Setelah selesai dengan kawasan sungai, dengan bantuan sampan kecil kami menyebarang untuk masuk kawasan TNGL. Di sana, kami dibagi menjadi dua kelompok.

Jalur yang akan kami lewati  merupakan jalur jungle trekking Orang Utan. Sambil pungut sampah, sambil liat Orang Utan. Untunglah sampah di dalam hutan tak sebanyak sampah di pinggir sungai. Rata-rata sampah yang ada adalah bungkus permen, puntung rokok hingga sandal-sandal yang lepas.

 “Ssst, jangan menimbulkan suara. Pelan-pelan dan lihat ke atas,” kata ranger kami. Ternyata seekor Orang Utan besar tengah asyik bertengger di dahan pohon. Sementara beberapa meter di depan, ada seekor burung cantik berwarna biru. Ukurannya sebesar ayam. Saya tak tahu burung apa namanya.
Tujuan kami sampai spot pemberian makan Orang Utan. Karena itulah jalur yang sering dilewati manusia.

Setelah selesai, kami  kembali ke tepi sungai dan... kembali bersenang-senang. Ada yang mandi di bawah air terjun, ada yang melompat dari batu di tepi sungai, ada yang melamun, ada yang berfoto-foto ria, ada yang hilang, ada yang diem-diem lari ke hutan, macam-macam.

Penutup kegiatan ini kami makan siang di tepi sungai. Makan dibawah pohon-pohon besar dengan mata yang awas melihat-lihat jangan sampai makanan kami dicuri monyet-monyet yang mulai keluar dari hutan.

Sederhana kan yang kami lakukan. Siapa saja bisa lakukan kegiatan seperti ini. Bayangkan saja jika setiap pejalan yang mengunjungi suatu tempat melakukan setidaknya sedikit saja kegiatan bermanfaat.
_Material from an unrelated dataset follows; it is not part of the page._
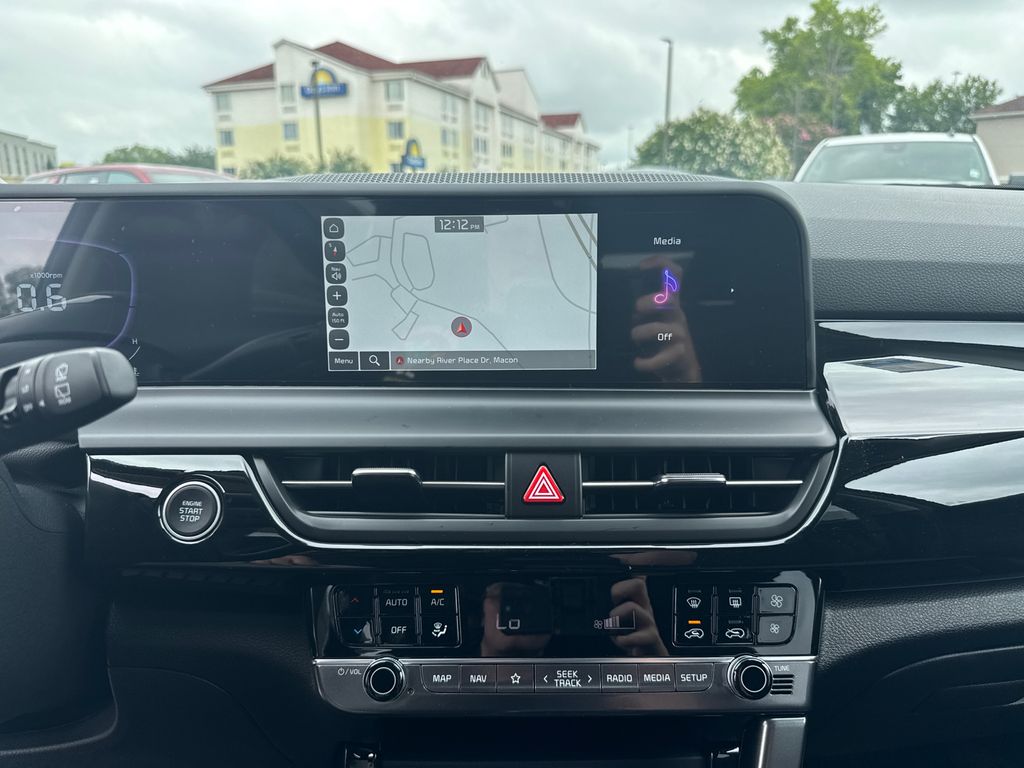 2025 Kia Seltos S photo 28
Dulu, kami tak tahu kalau kegiatan semacam ini disebut Voluntourism. Tak apa, yang penting kegiatan positif ini telah lama kami coba lakukan.
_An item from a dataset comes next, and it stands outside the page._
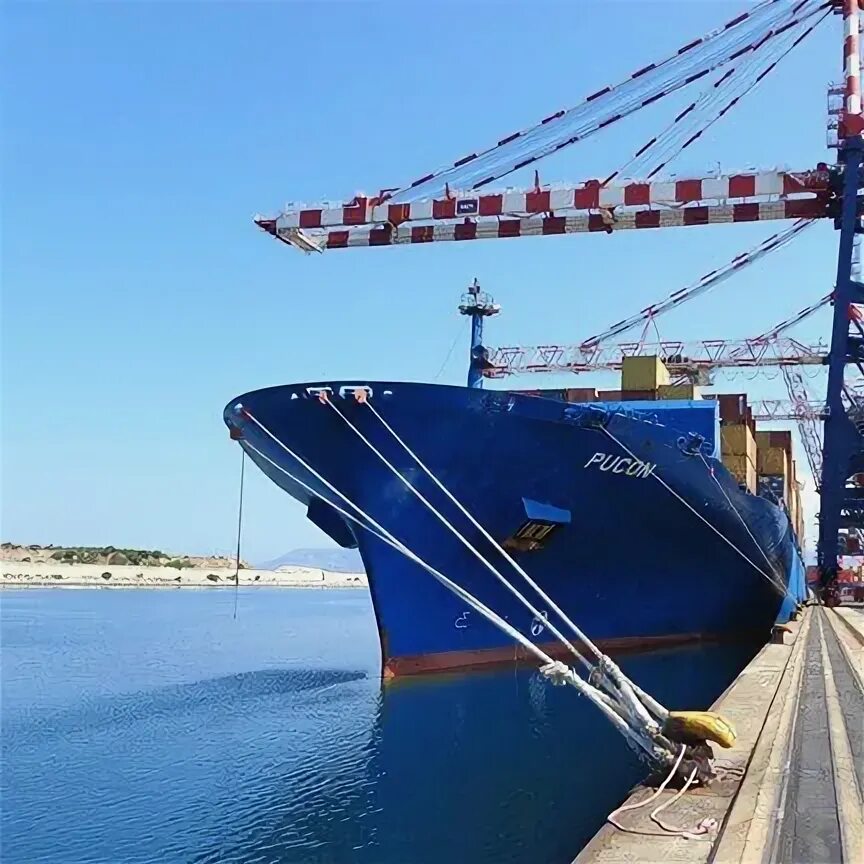 Aframax tanker vessel. Bigroll vessel. Performance shipping. Судно heavy lifter. Oil танкер dwt 105 000.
Mungkin nggak sekeren komunitas lainnya yang pergi jauh-jauh ke wilayah pelosok negeri ini. Yang bisa jauh ke wilayah timur Indonesia untuk mengajar, membangun desa atau kegiatan besar lainnya. Tapi kita udah cukup keren kok dengan ber-voluntourism dengan modal nol alias nyumbang tenaga aja. Dan, gak usah repot-repot liat dan cari daerah orang yang butuh bantuan. Liat aja daerah kamu sendiri dulu. Pasti ada aja yang bisa dibantu.  Kan lumayan, sambil jalan-jalan, promosi wisata daerah lewat tulisan, melakukan kegiatan yang membantu tempat dan warga sekitar.

Inilah yang bisa kami kasih untuk TNGL sebagai hutan lindung yang berfungsi  sebagai paru-paru dunia sekaligus rumah bagi hewan endemik Indonesia, Orang Utan. Hadiah sederhana untuk paru-paru dunia dan rumah Orang Utan.